E a China usa o comércio para confrontar seus inimigos. E procura puni-los diretamente, como ocorreu com a montadora Mercedes Benz, obrigada recentemente a emitir um pedido de desculpas após citar o dalai-lama na internet. Pequim pune também as empresas pelo comportamento de seus governos e, à medida que a influência econômica da China aumenta, também cresce este tipo de pressão.
Este “poder penetrante” no comércio é um complemento do “poder duro” de suas Forças Armadas. Nesse setor, a China se comporta como superpotência regional inclinada a tirar os EUA do Leste da Ásia. O ritmo de modernização e investimentos para o Exército chinês vem levantando dúvidas quanto ao antigo compromisso dos EUA de manter seu domínio na região. O Exército de Libertação do Povo ainda não consegue derrotar os EUA numa guerra, mas poder implica também determinação, tanto quanto a força. Mesmo que esse desafio chinês esteja bem claro, os EUA não desejam ou não podem contê-lo.
O Ocidente perdeu sua aposta, exatamente quando suas democracias sofrem uma crise de confiança. O presidente Donald Trump viu a ameaça chinesa antes, mas sua percepção do perigo era principalmente em termos de déficit comercial bilateral, o que em si não é uma ameaça. Uma guerra comercial corroeria as normas que ele deveria proteger e prejudicaria seus aliados exatamente quando eles precisam de unidade em face à intimidação chinesa. E, apesar dos protestos de Trump, sua promessa de tornar “a América grande novamente” implica um recuo para o unilateralismo que só pode fortalecer a China.
Trump precisa reavaliar a extensão da política chinesa. A China e o Ocidente terão de aprender a viver com suas diferenças. Tolerar o mau comportamento hoje na esperança de tornar a China melhor amanhã não tem sentido. Quanto mais tempo o Ocidente tentar acomodar os abusos chineses, mais perigoso será o desafio mais tarde.
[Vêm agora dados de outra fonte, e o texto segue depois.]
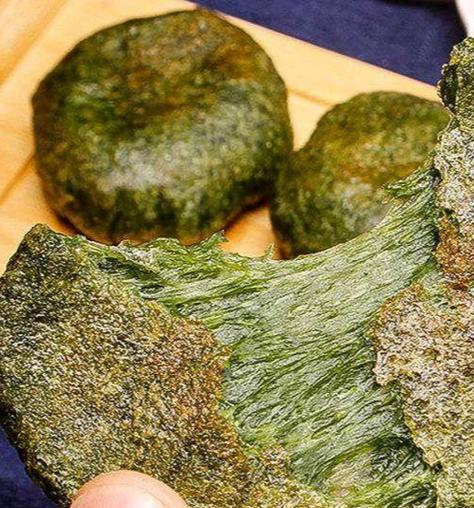 野菜粑粑制作全攻略（如何用野菜做出美味可口的粑粑）-第1张图片-美味行家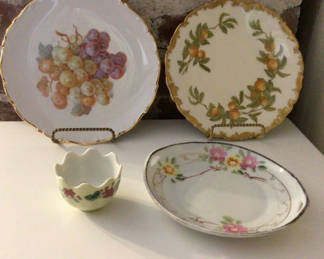 Lot 64: Porcelain plates and bowls with fruit and floral motifs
Para conter o poder penetrante da China, as sociedades ocidentais têm de ver claramente quais são os vínculos entre fundações independentes, mesmo grupos estudantis, e o Estado chinês. Para frear o mau uso do poder econômico pela China, o Ocidente deve examinar a fundo os investimentos das companhias estatais e das empresas chinesas de qualquer tipo. Deve fomentar instituições que defendem a ordem que está tentando preservar. Uma ditadura poderosa, embora frágil, não era o caminho que o Ocidente esperava que a China seguisse. Mas foi onde ela acabou.